Leave out the pictures and print precisely the lines from the line with "Mycie hal przemysłowych" to the final line of the entries, both ends included.

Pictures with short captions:
○ ○ ○ ○

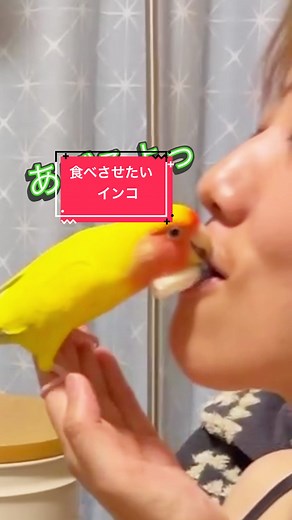 ガチャガチャでゲットした牛乳屋さんセット♩ 牛乳屋さんになって運んでくれるぴこたろう🤣 ちょっと押し売りがひどいですが、かわいいので許します🤣✨ #インコスタグラム #コザクラインコ #ぴこたろぐらむ #鳥 #牛乳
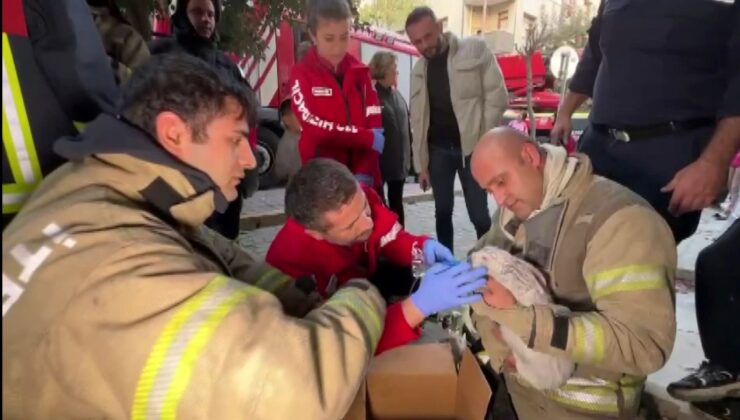 Avcılar’da Çıkan Yangında Mahsur Kalan Tavşanı İtfaiye Ekipleri Kurtardı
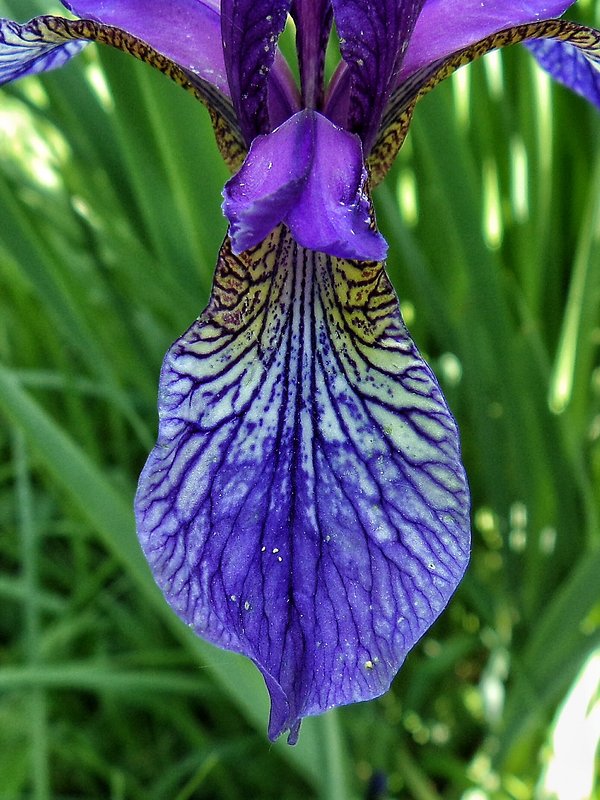 kosatec sibírsky Iris sibirica L.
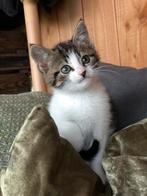 Mooie en lieve kittens!, Dieren en Toebehoren, Meerdere dieren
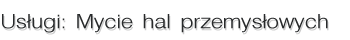 Mycie hal przemysłowych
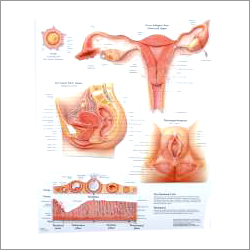 The Female Reproductive System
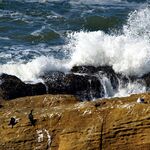 Gamecade Game Junction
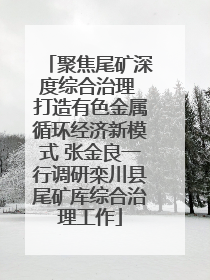 聚焦尾矿深度综合治理 打造有色金属循环经济新模式 张金良一行调研栾川县尾矿库综合治理工作
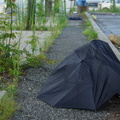 Discarded Umbrella Carcasses, NYC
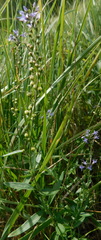 Veronica spuria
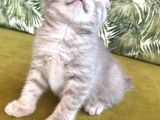 Scottish Fold Kardeşler (Açıklamayı Okuyunuz)
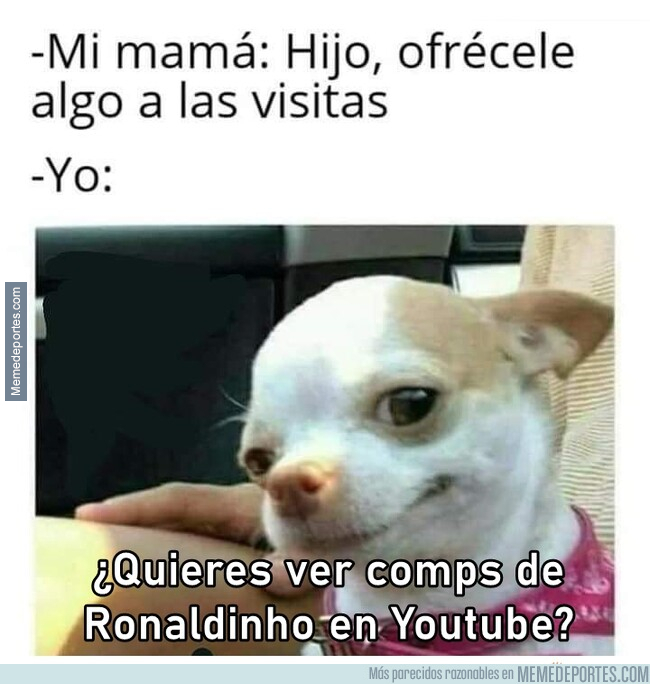 1245389 - Pero qué excelente anfitrión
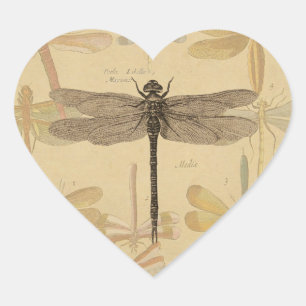 Sticker Cœur Libellule Vintage Antique Classique Nature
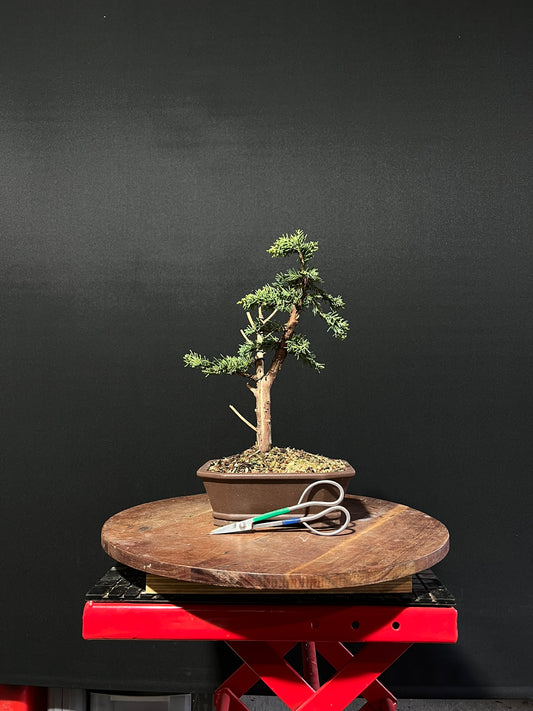 Juniper media blaauw Bonsai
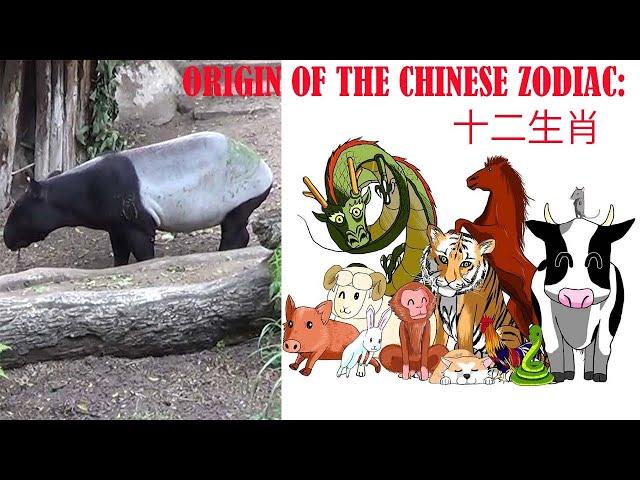 Origin of the Chinese Zodiac, 12 Animals, 5 Elements, 10 Branches, Yin/Yang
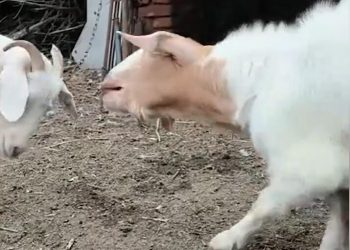 The lamb learns to bark and frightens his companions: he even moves like a dog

○ ○ ○ ○

Result of the exercise:
 Mycie hal przemysłowych
 The Female Reproductive System
 Gamecade Game Junction
 聚焦尾矿深度综合治理 打造有色金属循环经济新模式 张金良一行调研栾川县尾矿库综合治理工作
 Discarded Umbrella Carcasses, NYC
 Veronica spuria
 Scottish Fold Kardeşler (Açıklamayı Okuyunuz)
 1245389 - Pero qué excelente anfitrión
 Sticker Cœur Libellule Vintage Antique Classique Nature
 Juniper media blaauw Bonsai
 Origin of the Chinese Zodiac, 12 Animals, 5 Elements, 10 Branches, Yin/Yang
 The lamb learns to bark and frightens his companions: he even moves like a dog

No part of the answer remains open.